Industrial controllers are special purpose processing devices used for controlling (e.g., automated and semi-automated) industrial processes, machines, manufacturing equipment, plants, and the like. A typical controller executes a control program or routine in order to measure one or more process variables or inputs representative of the status of a controlled process and/or affect outputs associated with control of the process. Such inputs and outputs can be digital and/or analog. A typical control routine can be created in a controller configuration environment that has various tools and interfaces whereby a developer can construct and implement a control strategy using industrial and conventional programming languages or graphical representations of control functionality. Such control routine can be downloaded from the configuration system into one or more controllers for implementation of the control strategy in controlling a process or machine.
Measured inputs received from a controlled process and outputs transmitted to the process can pass through one or more input/output (I/O) modules in a control system. Such modules can reside locally or remotely from the controller. Inputs and outputs can be recorded in I/O memory. The input values can be asynchronously or synchronously read from the controlled process by one or more input modules and output values can be written directly to memory by a processor for subsequent communication to the process by specialized communications circuitry. An output module can interface directly with a controlled process by providing an output from memory to an actuator such as a motor, drive, valve, solenoid, and the like. During execution of the control routine, values of the inputs and outputs exchanged with the controlled process can pass through memory. Values of inputs in memory can be asynchronously or synchronously updated from the controlled process by dedicated and/or common scanning circuitry. Such scanning circuitry can communicate with input and/or output modules over a bus on a backplane or network and asynchronously or synchronously write values of the outputs in memory to the controlled process. The output values from the memory can be communicated to one or more output modules for interfacing with the process.
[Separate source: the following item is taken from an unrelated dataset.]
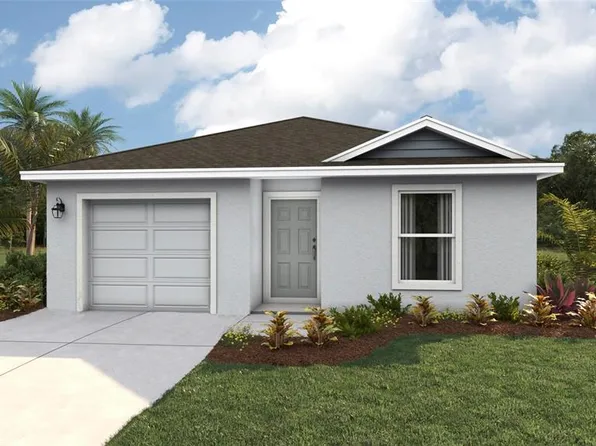 13122 Old Canoe Way, Parrish, FL 34219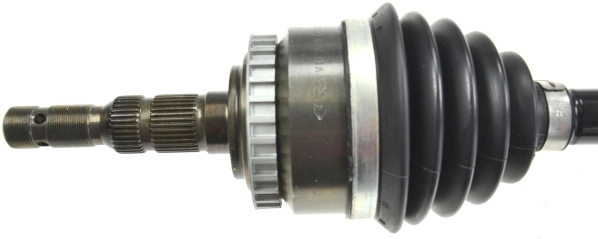 24969 GKN-Spidan Полуось передняя, правая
Industrial controllers can communicate with databases, for example to store and/or retrieve data. Conventionally, database communication is accomplished by continuously polling automation devices and sampling data to determine if the automation device includes data that needs to be written to a database. Alternatively, an application could wait to be messaged a controller indicating that it has data that should be retrieved and written to a database or that desires to obtain data from the database. An industrial protocol such as CIP (Control and Information Protocol) is conventionally employed to poll, message, retrieve and/or receive data from the automation layer, which is subsequently presented to a database. However, all transmissions such as reads and writes are limited by proprietary industrial control protocol (e.g., CIP—Control and Information Protocol) connection size (e.g., 512 bytes). Furthermore, all requests transmitted in an industrial protocol are first routed to an Ethernet card or box that converts the requests and transmits them to a database.